C’est portes ouvertes, aujourd’hui, à l’école du printemps. Qu’est-ce qu’on y apprend ?

D’abord on révise ses chants d’oiseaux. Ces trilles très aigus, presque inaudibles, qui montent crescendo, sont bien sûr le chant du roitelet triple bandeau (Regulus ignicapilla), auquel vient se joindre semble-t-il un roitelet huppé (Regulus regulus) ; il faut, pour les entendre, que la mésange nonette, le geai et surtout le rouge-gorge occupé à s’enivrer de ses propres vocalises qui envahissent tout l’espace, se taisent un peu.

Ensuite on cherche, et on trouve, le nom de cette plante vert pâle aux fleurs en grappes blanches qui a colonisé l’ornière du chemin : le Pétasite blanc (Petasites albus), qui semble à lui seul résumer le printemps.

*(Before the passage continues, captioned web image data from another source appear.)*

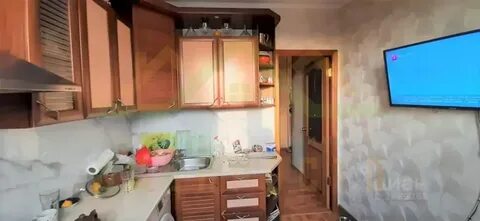 Говорова 11
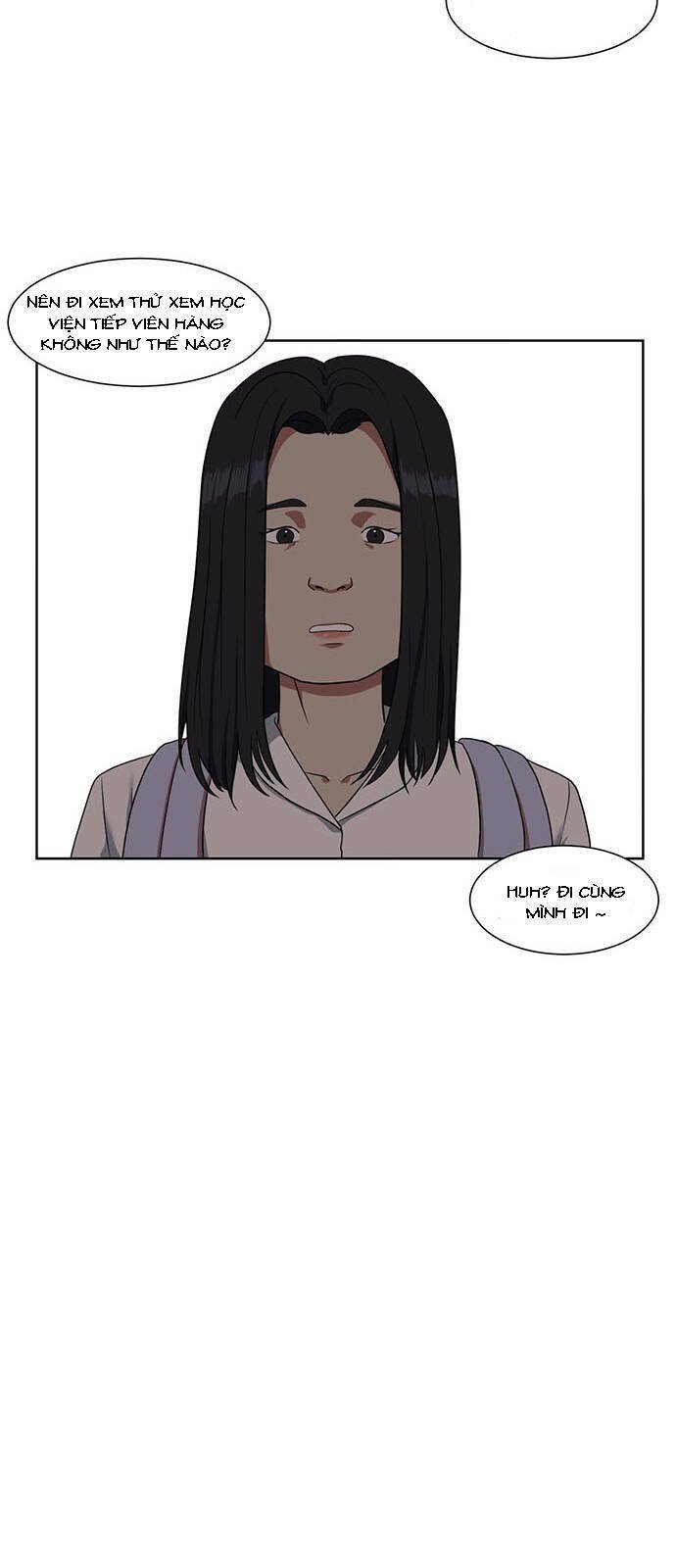 change me chapter 15 35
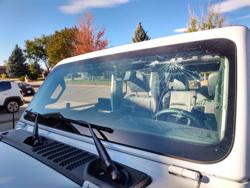 Colorado Windshield Company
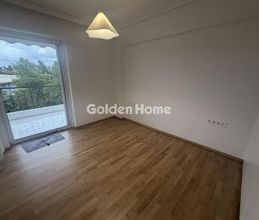 Διαμέρισμα για ενοικίαση - Αγία Παρασκευή, - Photo 6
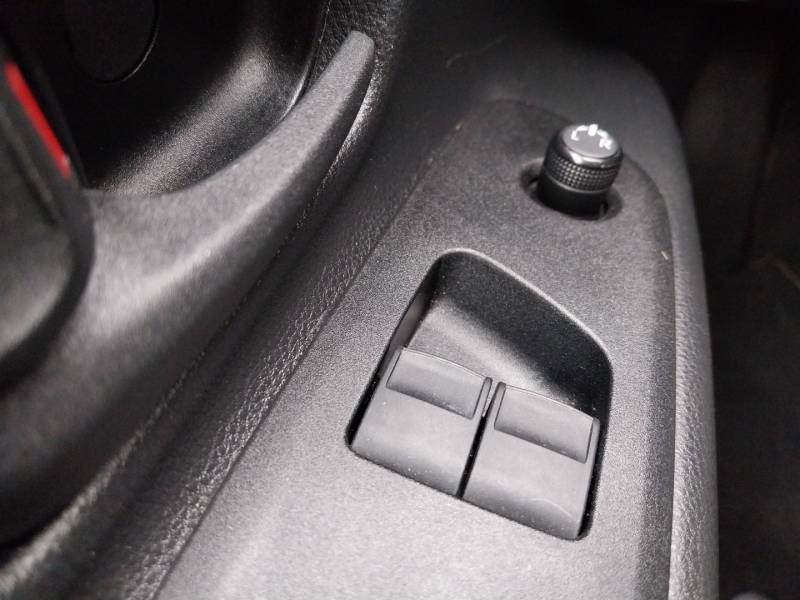 Toyota aygo x - Photo 26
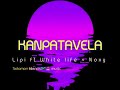 KAN PATAVELA_ Life ft White life × Noxy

Enfin on travaille son étonnement. On s’étonne que le ciel soit à ce point dépourvu de nuages, et qu’il y ait tant de teintes de gris et de vert, tant de textures d’écorces différentes pour des arbres pourtant de la même espèce, et tant de formes différentes aussi dans la façon de croître ou de se briser qu’ont les arbres. On s’étonne de l’apparition fantastique du grand cheval noir dont le poil brille à contre-jour au-dessus du sentier, tout comme un peu plus loin brillent les branches de ces bouleaux qu’on a comparés tantôt à des danseurs parce qu’ils ont été tordus en tous sens et semblent s’être figés en un drôle de tableau vivant, et dont la blancheur est encore ravivée par la lumière éclatante de midi qui contraste si fortement avec l’arrière-plan sombre des résineux et des feuillus sans feuilles. On s’étonne de la caresse fraîche de l’air sur les bras nus. On s’étonne d’arriver si vite et sans efforts à la bifurcation de la cabane du mont Dondon. On s’étonne du grand silence qui règne une fois passé le nant du Feu de Joie, puis surtout on s’étonne d’être là, alors qu’on n’y a pas toujours été et qu’un jour on n’y sera plus, d’être en vie et de parler seul en marchant derrière un grand chien blanc qui est, à lui seul et en toute saison, une source permanente d’étonnement.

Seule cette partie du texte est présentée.